In the chapter examining trials of seduction, Rizzo focuses on three cases, including the 1784 affair of Catherine Noailles who was defended by Barère de Vieuzac, the high-profile lawyer from Toulouse and future regicide. The lawyers who defended their female clients in all three trials targeted male authority that had become tyrannical. According to lawyers and Des Essarts, fathers who refused to countenance a love match because of their own social aspirations were ultimately responsible for the “seduction.” Such abuses of power were also the product of social rank. The “villains” in the Noailles and Thérèse Martin case were aristocratic men who used their privileged status to undermine the virtue of the young women involved. On behalf of their female clients, Barère and other lawyers argued for “natural” unions based on love and for punishment of self-interested power. Operating within the complex social prism of the Old Regime, honor and virtue become contested categories in all three cases.
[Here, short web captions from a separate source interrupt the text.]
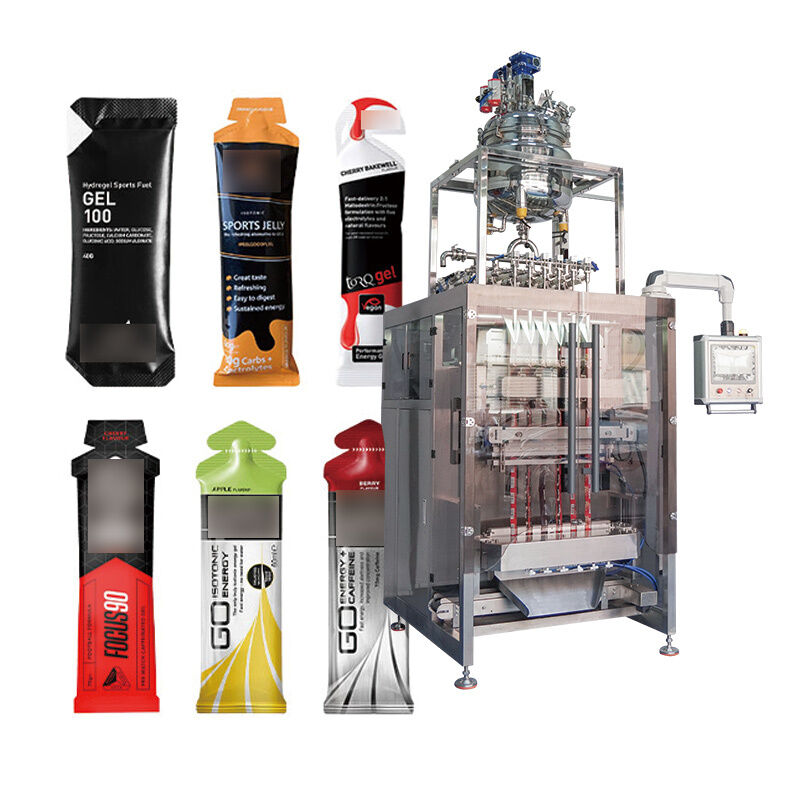 Automatische Mehrspurige Verpackungsmaschine für kleine Säcke mit flüssiger Paste, Senfsalat, Garnelensalat, Austernsauce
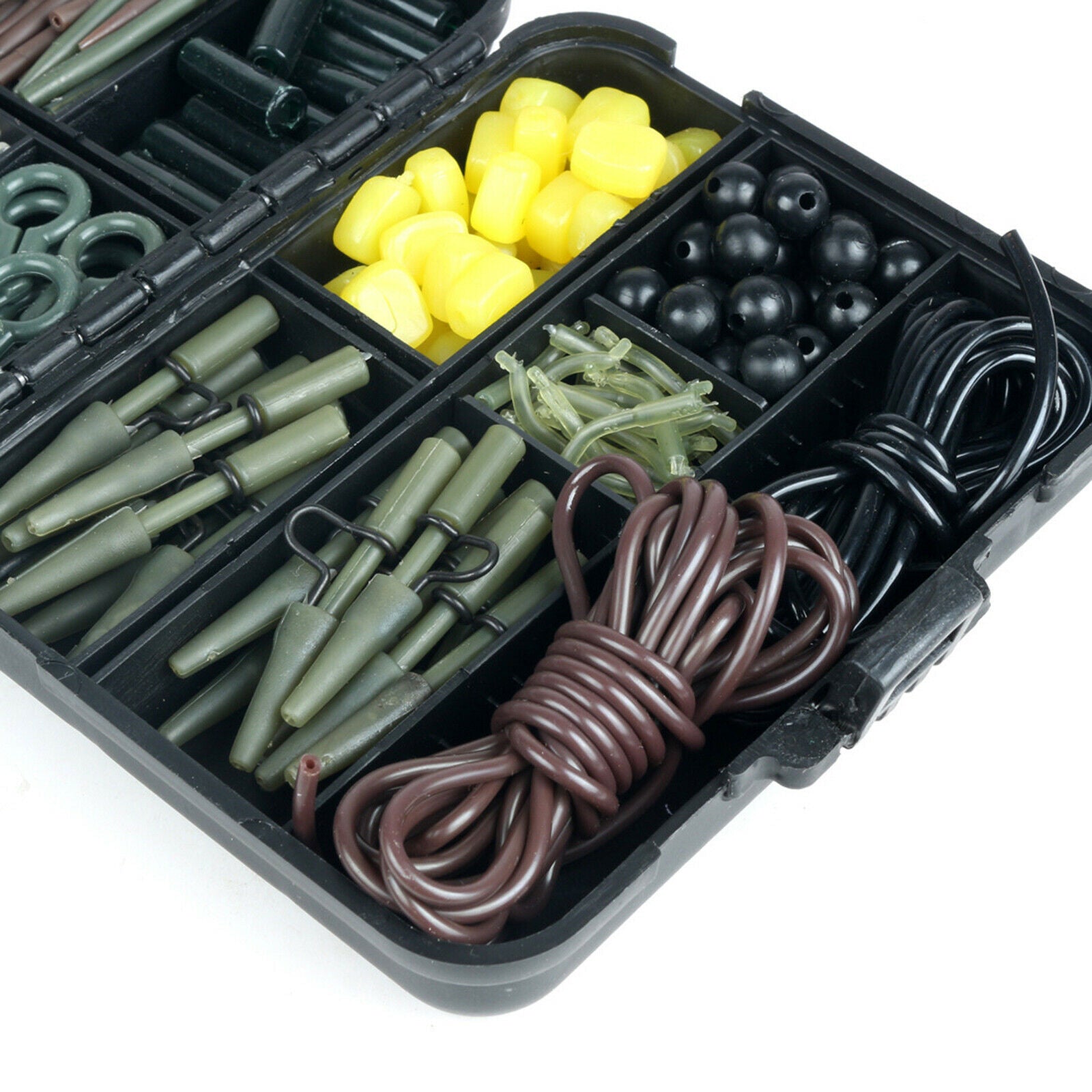 225-in-1 Fishing Tackle Box Baits Swivels Hair Rigs Saltwater & Freshwater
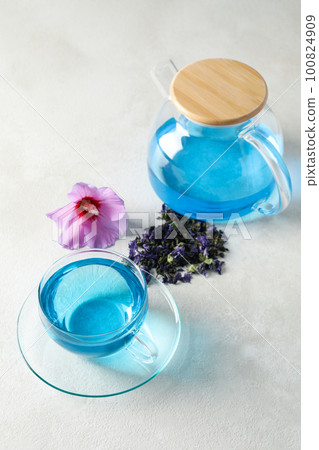 Concept of tasty hot drink, Anchan tea 100824909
For members of the aristocracy, honor was tied to family and lineage and was to be maintained at the expense of others. But lawyers for the women held the men in the trials up to a new standard of honor that required keeping promises. Honor then became linked to character as well as reputation. By reconfiguring honor as an individual attribute and not a socially determined virtue, lawyers imbued the notion of honor with “democratic” value. Within the pages of Des Essarts and the mémoires judiciaires, the women demonstrated their virtue through expressions of faithfulness. Rizzo asserts that the theme of virtue and the ability to put the common good above one’s own interest foreshadowed the requirements of citizenship in the Republic of Virtue.

Rizzo continues to explore these themes in the following chapter on marital separation, the most common case involving female litigants. She examines three marriages that unraveled, two because of spousal abuse and one because of a union forced on the couple by their parents. All three women in these trials won their suit, reflecting a trend in the courts that favored separation. As in the cases laid out in the previous chapter, virtue and honor again featured in the lawyers’ arguments. Two of the women filed for separation from husbands who had committed financial malfeasance, abused them, and had brought dishonor upon them. According to their lawyers, although these women invited condemnation for publicizing their troubles, they would incur further dishonor by attempting to hide their husbands’ criminal behavior. Within these narratives, women were virtuous as a result of innate qualities and upbringing, and therefore, did not deserve to be dishonored because of their husbands’ perfidy. Such arguments reveal that the right to separation was one granted to women from the middle and upper classes. Rizzo concludes that “the modern individualism to which women were called in the late-eighteenth century was class-specific” (p. 67). The absence of any sustained call for women’s rights with respect to marriage and divorce, Rizzo argues, resulted from this class bias. Nevertheless, the victory of each individual woman incrementally amounted to a “certain emancipation of women” as women were acknowledged as citizens with rights.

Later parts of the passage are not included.